I refer to twins. They are not really twins at all. Only one is the issue of my loins, my daughter Charlotte, Charlie. The other is Cheyenne. Cheyenne is Marcia’s niece, the daughter of Marcia’s sister. Marcia’s sister died. Sad enough in itself for young Cheyenne but then, after the funeral, her father returned Cheyenne to her mother’s family on the grounds that the family had provided him a defective woman. The child, therefore, was no longer his responsibility. Regrettably young Alex, who I really do not want to grow up to be a man who resorts too quickly to anything more extreme than a verbal exchange of difference, witnessed what I think by now we have all agreed is a jolly rare and, yes, I suppose, unforgiveable, loss of self-control. Once the dust settles, and Cheyenne’s father regains sufficient mobility to sign the necessary documentation, I will formally adopt the girl.
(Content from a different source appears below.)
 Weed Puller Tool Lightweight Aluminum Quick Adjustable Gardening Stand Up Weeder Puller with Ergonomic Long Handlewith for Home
In the meantime, Cheyenne lives with us and, much to the confusion of the till girls at Shoprite, our supermarket of convenience where we three, the old bloke, Charlie and Cheyenne, are now well known, I refer to the two of them as my twin girls. Biologically, I tell anyone I am intent on teasing, it is possible for the twin issue of a mixed race couple to exhibit individually the extreme characteristics of both parents. ‘It’s all a question of eggs’, I lecture them as I pack my groceries into non bio degradable plastic bags. It was hard enough convincing the Shoprite belles that I wasn’t the girls’ grandfather. Now I am satisfied half of them believe they are witnessing one of nature’s miracles. The twins don’t mind; they get free sweets.
Alex hunts. He is eleven now but he has hunted since he was old enough to draw a bow. I am pleased to note that he has adopted my mantra, if you are not going to eat it, don’t kill it. Sabre is sometimes a bit ambitious but obeys pretty much the same rule. I am sure that given the opportunity, and the time, he would have devoured my Brazilian neighbour, burying what he could not manage at his first sitting. The twins, however, still with this blessed instinct to save life and oblivious to life depending on mortality, had rescued a baby bird from Sabre’s jaws of death, leaving me with a bit of a headache.
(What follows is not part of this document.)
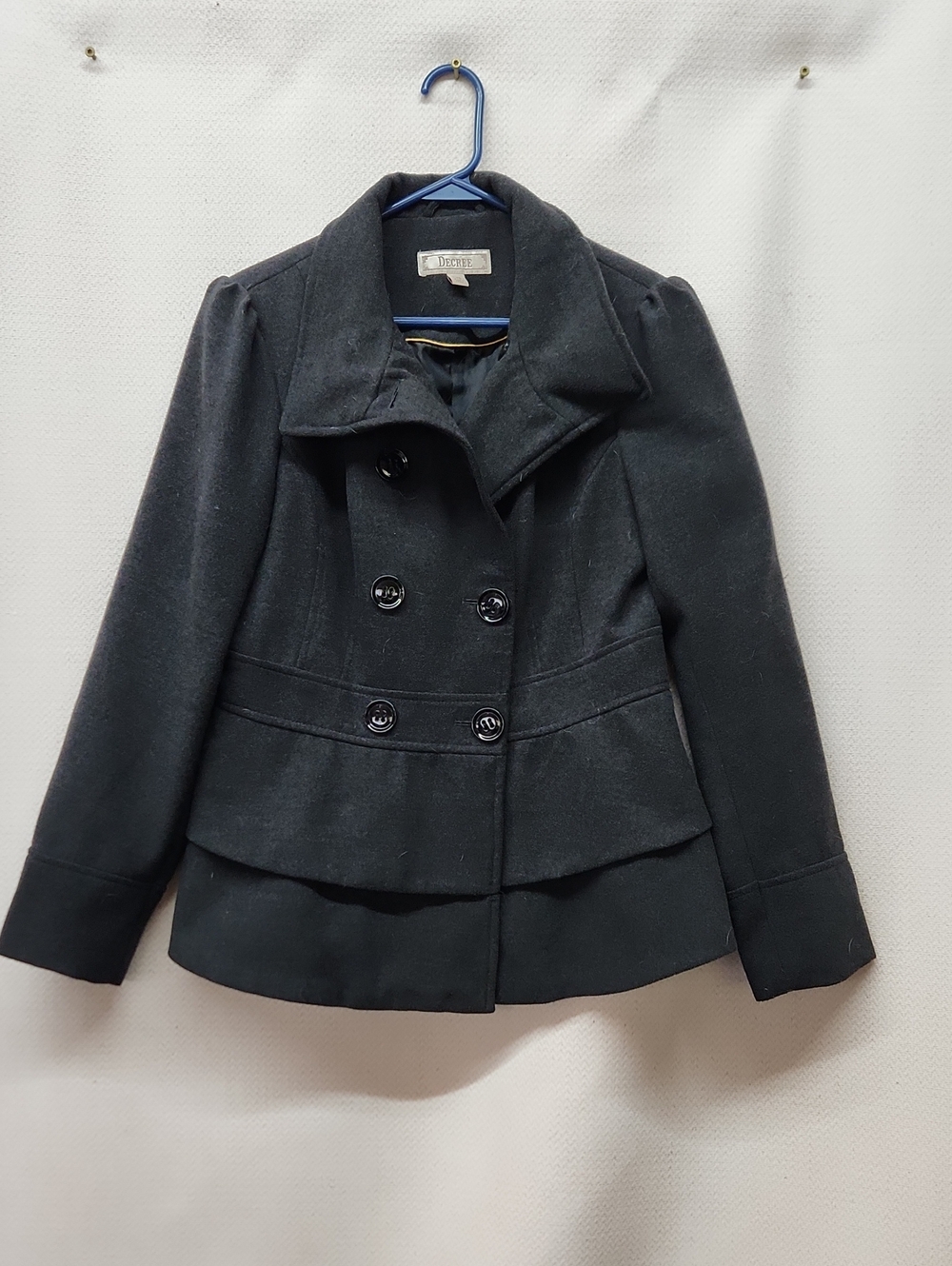 Decree Black Double-Breasted Peacoat Jacket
I have no idea what this baby bird eats. I don’t even know what kind of bird it is. I know Guinea Fowl, I shoot them regularly, and I know they can survive, until shot of course, on grain. I tried Google and Wikipedia and discovered that the main font of ornithological expertise resides with ‘twitchers’, who suggest that this is an ‘LBJ’. Something rare, undiscovered even? No, it means ‘Little Brown Job’ betraying, I suspect, similar bewilderment. Looks like a Sparrow to me but I am in Africa, do we have Sparrows here? If this bird dies, the twins will hate me.
Back to where I came in and bumped into an effervescent Marcia. Apparently the baker is now using extra yeast, and proving his bread for longer than the legally established period….
(The production of bread is regulated here? Bugger me, I never knew that, but Marcia has done the course, don’t forget)
…so that a reduced amount of flour and other essential ingredients results in the same size bun, but with less weight.
In essence, Marcia was aggrieved about paying
for hot air. I agree with her 100%, long live the revolution.
Under the circumstances, I think my best course of action is to keep the bird alive, and find a new baker.